• **Exercise data**
= Beginning of Section =

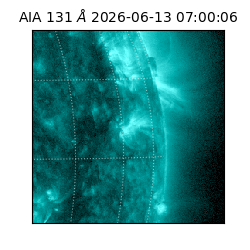saia - 2026-06-13T07:00:06.620000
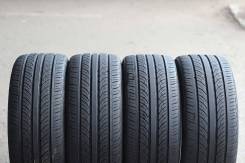 Maxtrek Ingens A1, 215/35 R18 в Омске Maxtrek Ingens A1. Летние, 2014 год, 20 %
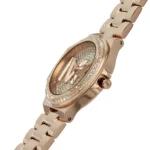 Michael Kors watch for women MK7230 - الصورة 2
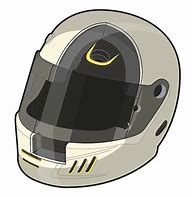 Image result for Drag Racing Helmets Vector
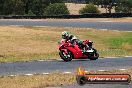 Champions Ride Day Broadford 15 12 2012 - SH5_4472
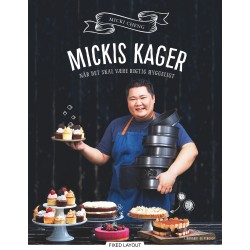 Mickis kager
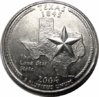 2004 D Texas rev 2.JPG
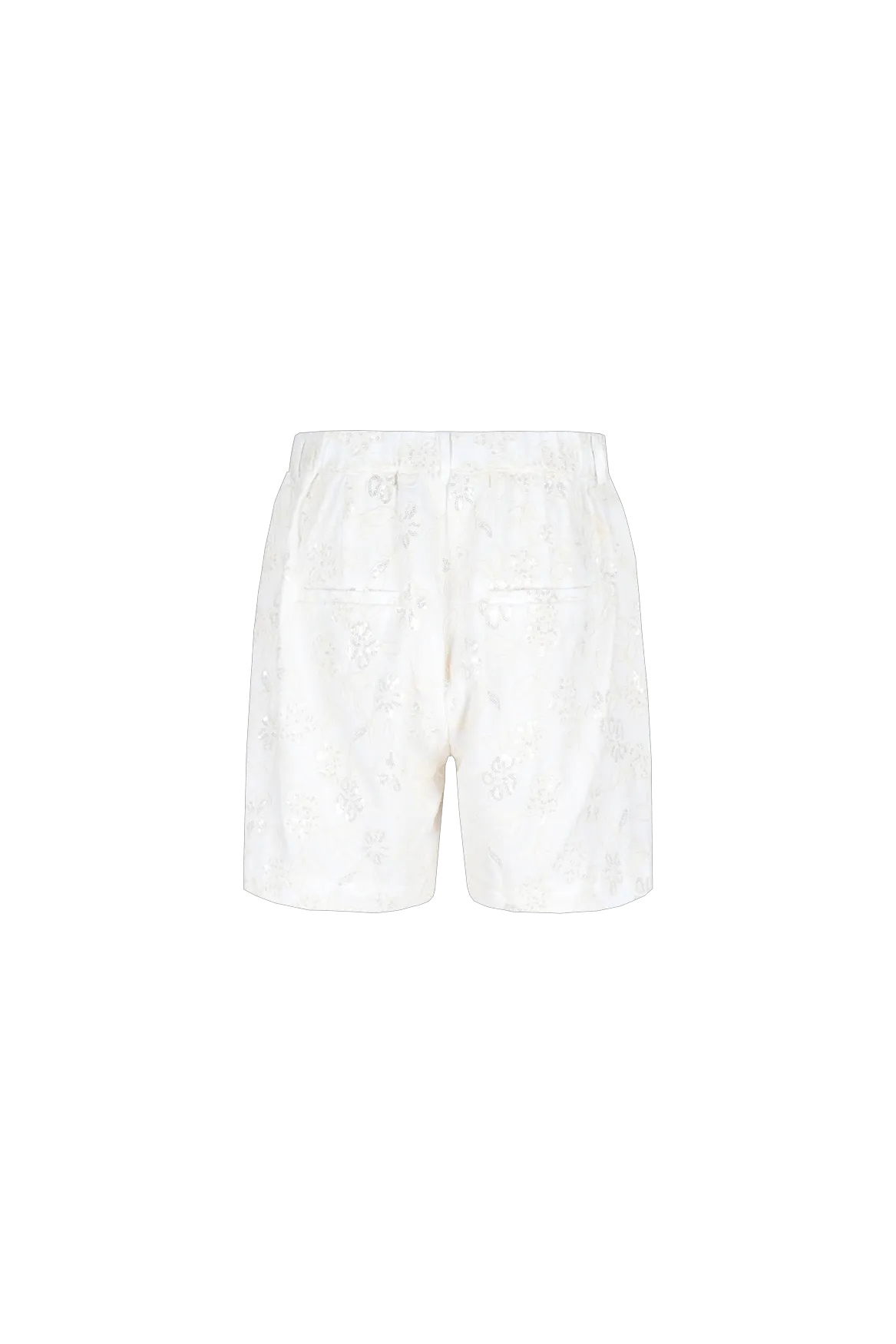 Offwhite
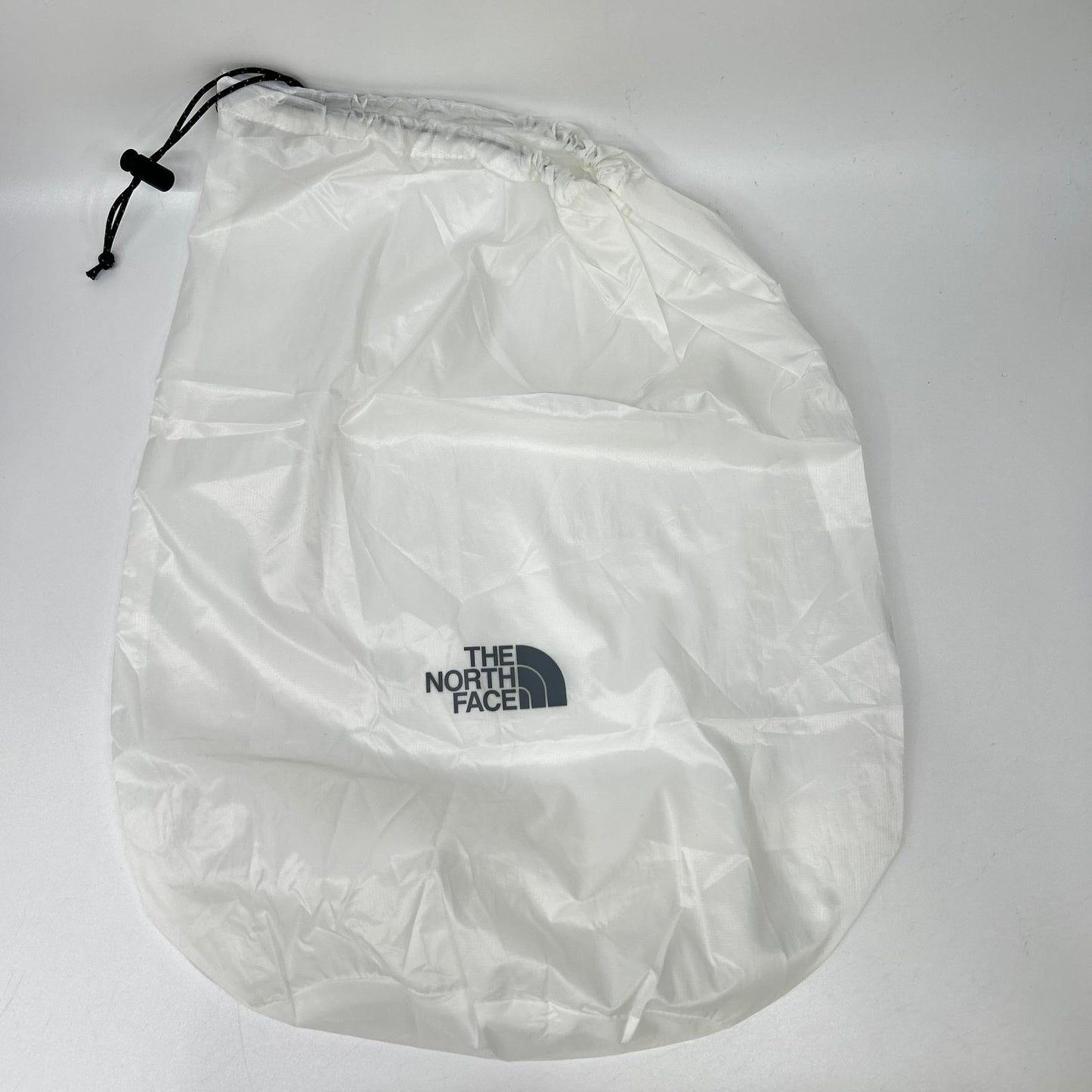 THE NORTH FACE Baltro Light Down Jacket Black Size M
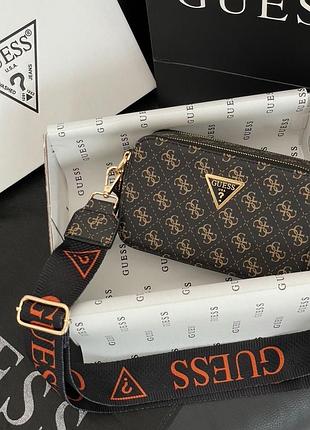 Сумка4 фото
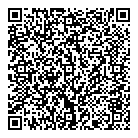 QR код "MPlus"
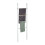 Handdoekladder hout & metaal 2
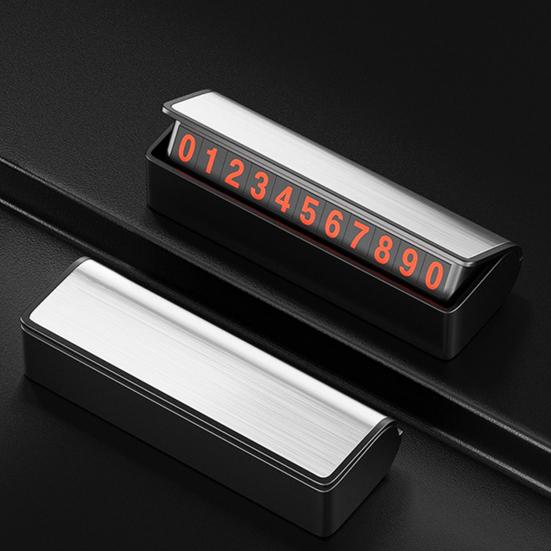 Полезная карта с номером телефона. Термостойкая, долговечная. Поддерживает контакт.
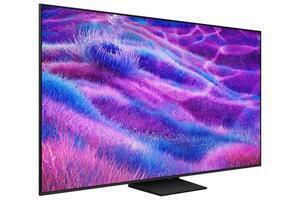Smart Tivi Neo QLED Samsung AI 4K 65 inch QA65QN80F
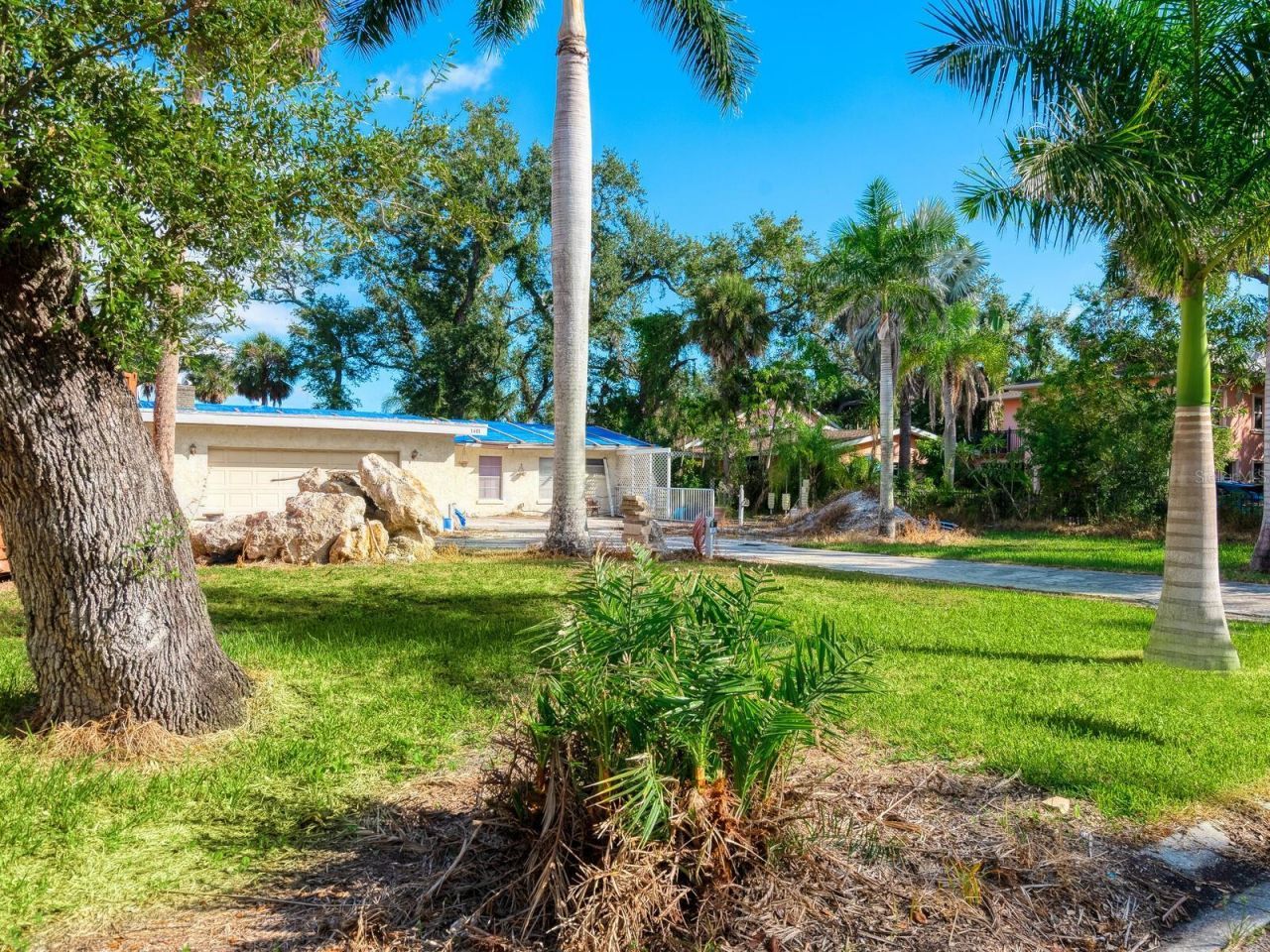 1401 1st Avenue E, Bradenton, FL 34208 Photo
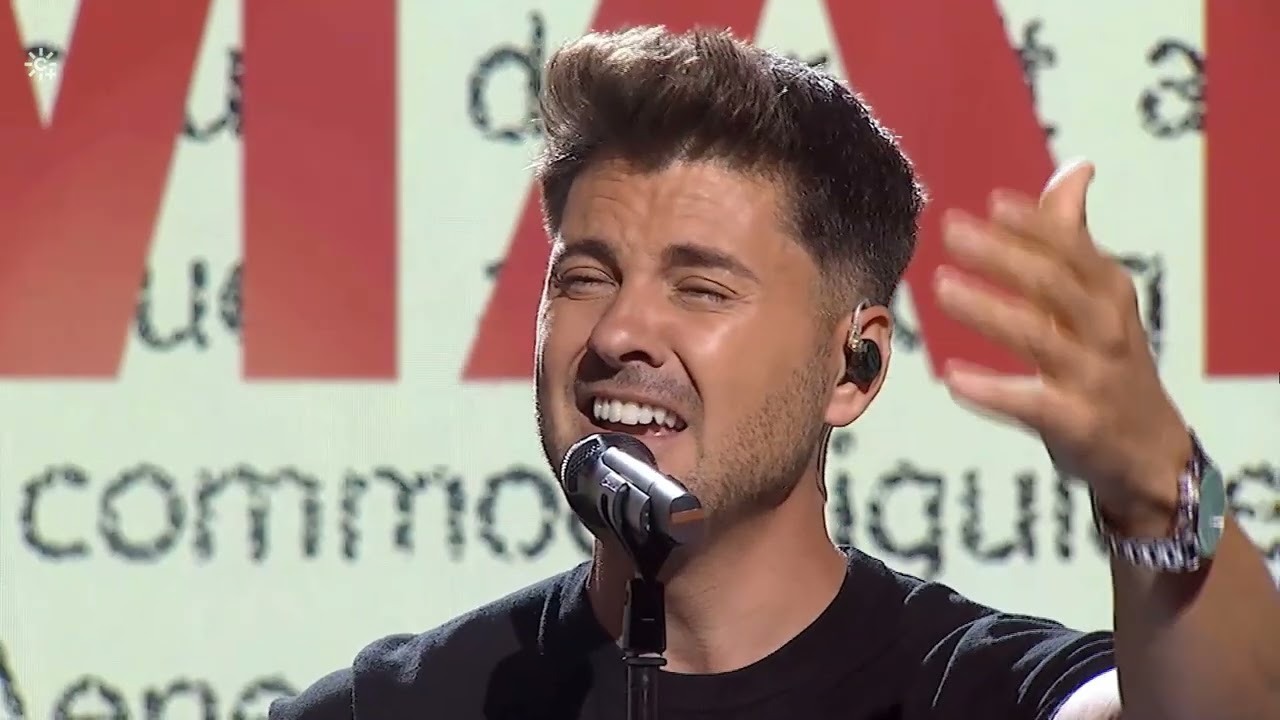 Alvaro Diaz - Fandangos de Huelva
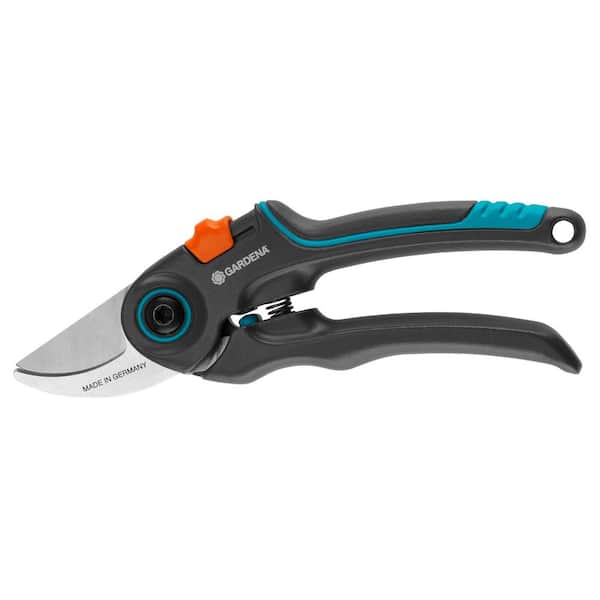 GARDENA 1 in. ExpertCut Pruning Shears
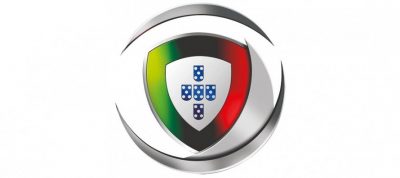 Liga Portuguesa de Futebol - Knoow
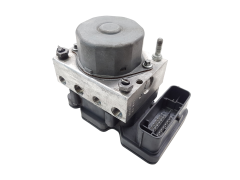 Abs-Pumpe Fiat Panda 51859852 0265805007 0265260011 2180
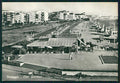 Lucca Viareggio Città Giardino Foto FG cartolina MZ5416 – fronte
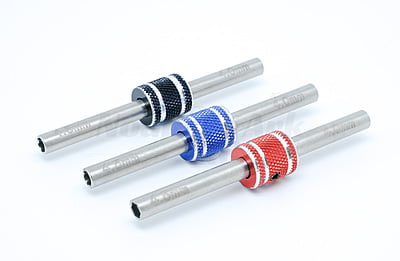 Screw Driver Tool (4/4.5mm) 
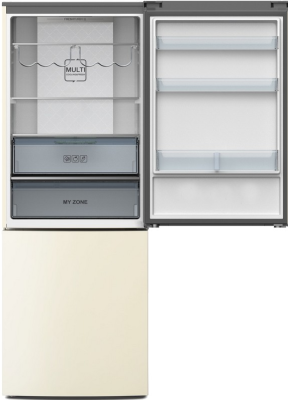 Haier C4F744CCG Детальное фото товара: Haier C4F744CCG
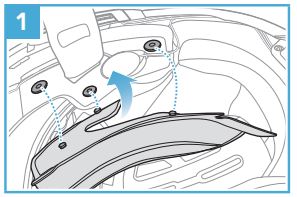 HJC-HELMETS-SMART-21B-Gen-Standard-Motorcycle-Bluetooth-Communication-System (15)
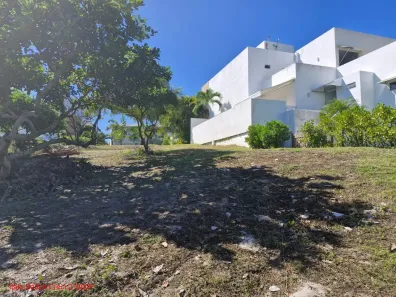Lote/Terreno à venda, 900m² no Busca Vida (Abrantes), Camaçari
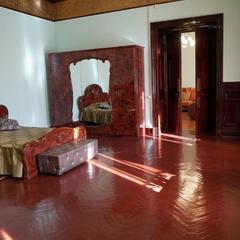 Гостиничный комплекс Наука на Миллионной, Санкт-Петербург, Ленинградская область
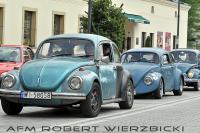 fot.Robert Wierzbicki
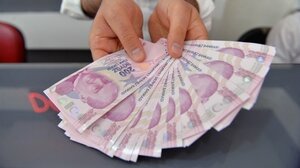 Εκτός ελέγχου οι αγορές στην Τουρκία – Σήμα κινδύνου από λίρα και χρηματιστήριο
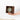 Compass in Box #6649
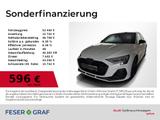 Audi S3 Lim Navi,Matrix,Leder,Kameras,SONOS - Audi S3 Jahreswagen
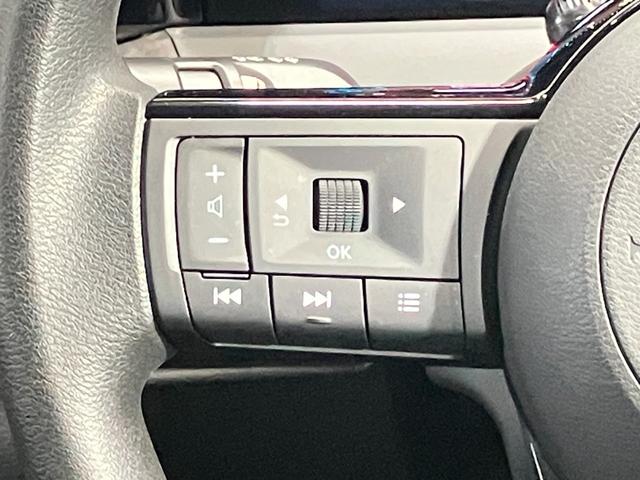 ノート X 1.2 X CD録音機能・DVD再生機能付メモリ-ナビ&バックカメラ・前後ドラレコ・前後ソナ-・LEDヘッドライト・フォグランプ・オートエアコン・オートライト・ハイビ-ムアシスト・ETC付(26枚目)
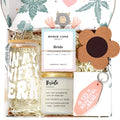 Bride To Be Gift Box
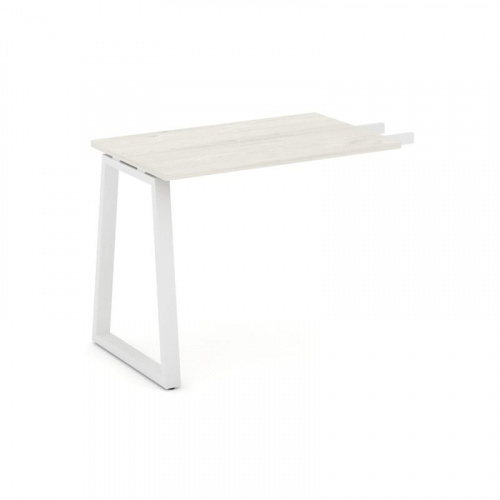 Style Project Брифинг-приставка SN-6T1.BR-001 Акация Лорка/Металл Антрацит 580*600*750 фото 13 Style Project Брифинг-приставка SN-6T1.BR-001 Акация Лорка/Металл Антрацит 580*600*750 фото 13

= End of Section =

Begin at the first line of the data above and repeat each line exactly, stopping after the line containing "Lote/Terreno à venda, 900m²". Omit the pictures.

saia - 2026-06-13T07:00:06.620000
 Maxtrek Ingens A1, 215/35 R18 в Омске Maxtrek Ingens A1. Летние, 2014 год, 20 %
 Michael Kors watch for women MK7230 - الصورة 2
 Image result for Drag Racing Helmets Vector
 Champions Ride Day Broadford 15 12 2012 - SH5_4472
 Mickis kager
 2004 D Texas rev 2.JPG
 Offwhite
 THE NORTH FACE Baltro Light Down Jacket Black Size M
 Сумка4 фото
 QR код "MPlus"
 Handdoekladder hout & metaal 2
 Полезная карта с номером телефона. Термостойкая, долговечная. Поддерживает контакт.
Smart Tivi Neo QLED Samsung AI 4K 65 inch QA65QN80F
 1401 1st Avenue E, Bradenton, FL 34208 Photo
 Alvaro Diaz - Fandangos de Huelva
 GARDENA 1 in. ExpertCut Pruning Shears
 Liga Portuguesa de Futebol - Knoow
 Abs-Pumpe Fiat Panda 51859852 0265805007 0265260011 2180
 Lucca Viareggio Città Giardino Foto FG cartolina MZ5416 – fronte
 Screw Driver Tool (4/4.5mm) 
 Haier C4F744CCG Детальное фото товара: Haier C4F744CCG
 HJC-HELMETS-SMART-21B-Gen-Standard-Motorcycle-Bluetooth-Communication-System (15)
Lote/Terreno à venda, 900m² no Busca Vida (Abrantes), Camaçari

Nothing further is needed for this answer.